E-BÜLTEN

E-bültenimize abone olarak
en son bilgilere ve haberlere ulaşabilirsiniz.

Ana SayfaKulisAttila Köksal dava gerekçesini anlattı---

Attila Köksal dava gerekçesini anlattı

Attila Köksal dava gerekçesini anlattı
16 Mayıs 2014 - 19:01 borsagundem.com

SPK Başkanı Ertaş, TSPB’nin ‘dava açma’ kararını eleştirince gözler Birlik Başkanı’na döndü. Birlik neye karşı? Attila Köksal Kayhan Öztürk’e konuştu

Türkiye sermaye piyasaları, dün akşamdan beri bir dava kriziyle yaşıyor. Olayın patlak verdiği zemin Türkiye Sermaye Piyasaları Birliği. Genel Kurul, aracı kurumların önergesi üzerine, Birlik statüsünün Anayasa’ya ve Rekabet Kanunu’na aykırı olduğu gerekçesiyle  ‘dava açma’ kararı aldı. Gün içinde sektörde konuşulmaya başlanan bu gelişme, öğleden sonra ‘Önce Yatırımcı’ konferansında tartışma konusu oldu. SPK Başkanı Vahdettin Ertaş, konferanstaki konuşmasında, TSPB’nin dava açma girişimine tepkisini saklamadı, “Oysa bizi geleceğe taşıyacak olan sadece Birliğin statüsü değil, onun ötesinde sermaye piyasalarımızın çok daha büyük, çok daha derin sorunları var” dedi.

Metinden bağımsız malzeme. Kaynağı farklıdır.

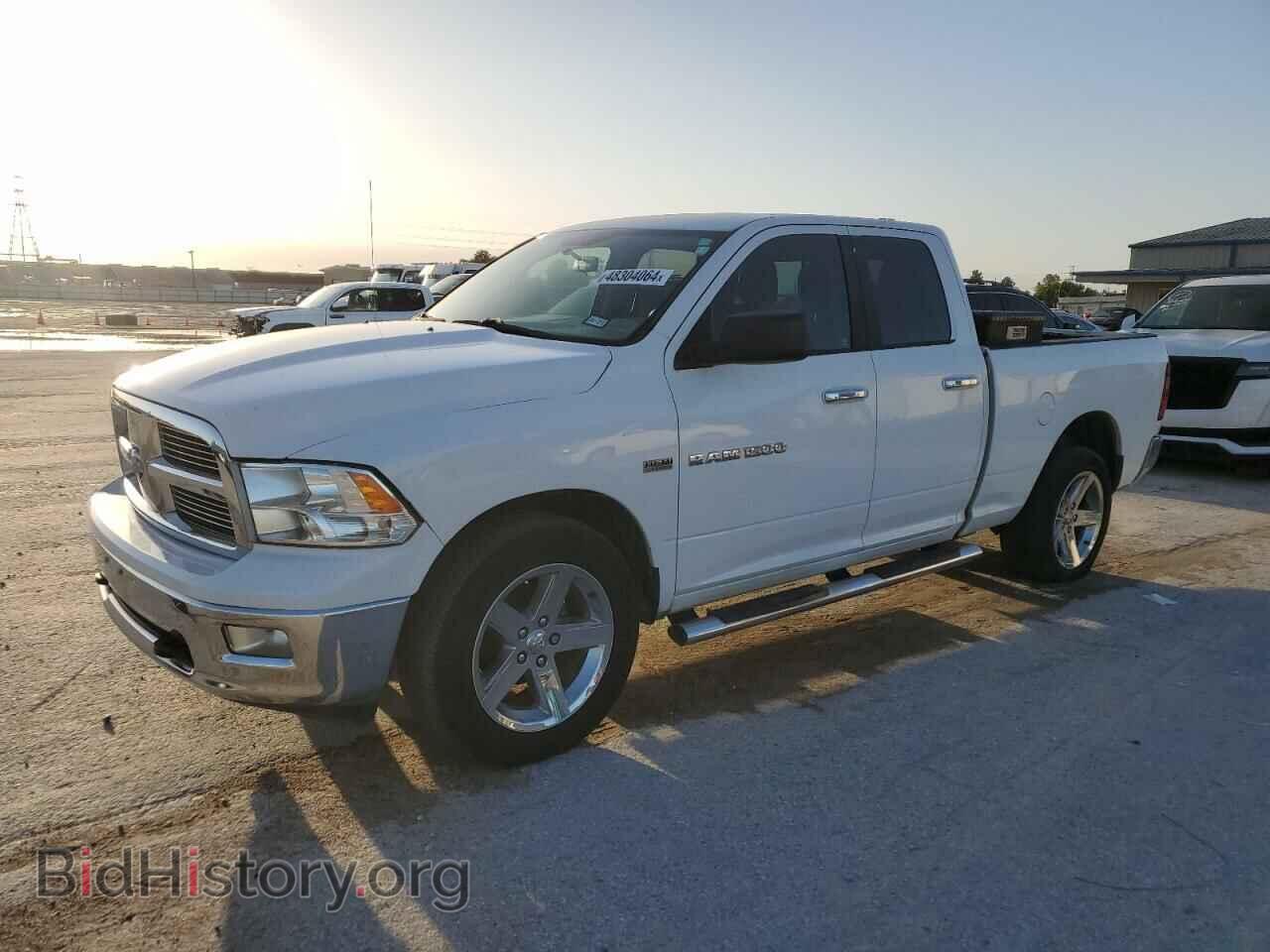 Photo 1D7RV1GT8BS659780 - DODGE All Models 2011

Bu kez gözler TSPB Başkanı Attila Köksal’a döndü. Aracıların itiraz ettiği düzenleme için ne düşünüyordu? Genel Kurul’da neler konuşuldu da bu karar alındı? Finansgundem.com Genel Yayın Yönetmeni Kayhan Öztürk, konferansın sonunda Köksal’a mikrofon uzattı. Tartışmada, sermaye piyasalarının kafasını kurcalayan, yanıtını merak ettiği soruları sordu.
 
-SPK Başkanı Vahdettin Ertaş’ın sitemi hakkında neler söyleyeceksiniz?

Attila Köksal: Yok canım hepimiz aslında sermaye piyasalarına hizmet için çalışıyoruz. Farklı değişik açılarımız oluyor. Aslında empati yapmamız lazım. Biz görüyoruz SPK son iki senedir çok yoğun çalıştı. Bu son dönemde de zor şartlar altında çalıştığını da görüyoruz. Bizde Birlik olarak kanunun çıktığı günden beri ki onun öncesinden beri açıkçası tabiri caizse ‘topal ördek’ gibi misali çalışıyoruz. Ama ona rağmen özellikle finansal okuryazarlık konusunda veya sektörümüzdeki şirketlere mesajlar vermek konusunda yine eğitim konusunda elimizden geleni yapıyoruz. Yani iki tarafında niyetleri iyi. Burada ayrılık gayrılık yok zaten.
Ama genelde sermaye piyasamızın gelişmesi son bir yılda oldukça yavaşladı. Bu çeşitli nedenlerden kaynaklı. Bu hepimize sirayet etti. Yani bide yavaşladık, kamu da yavaşladı. Dolayısıyla zor bir dönemden geçiyoruz. Ama bunlar olur normaldir. Burada kırılacak darılacak bir durum yok. Dediğim gibi hepimiz sermaye piyasasının gelişmesi için çalışıyoruz.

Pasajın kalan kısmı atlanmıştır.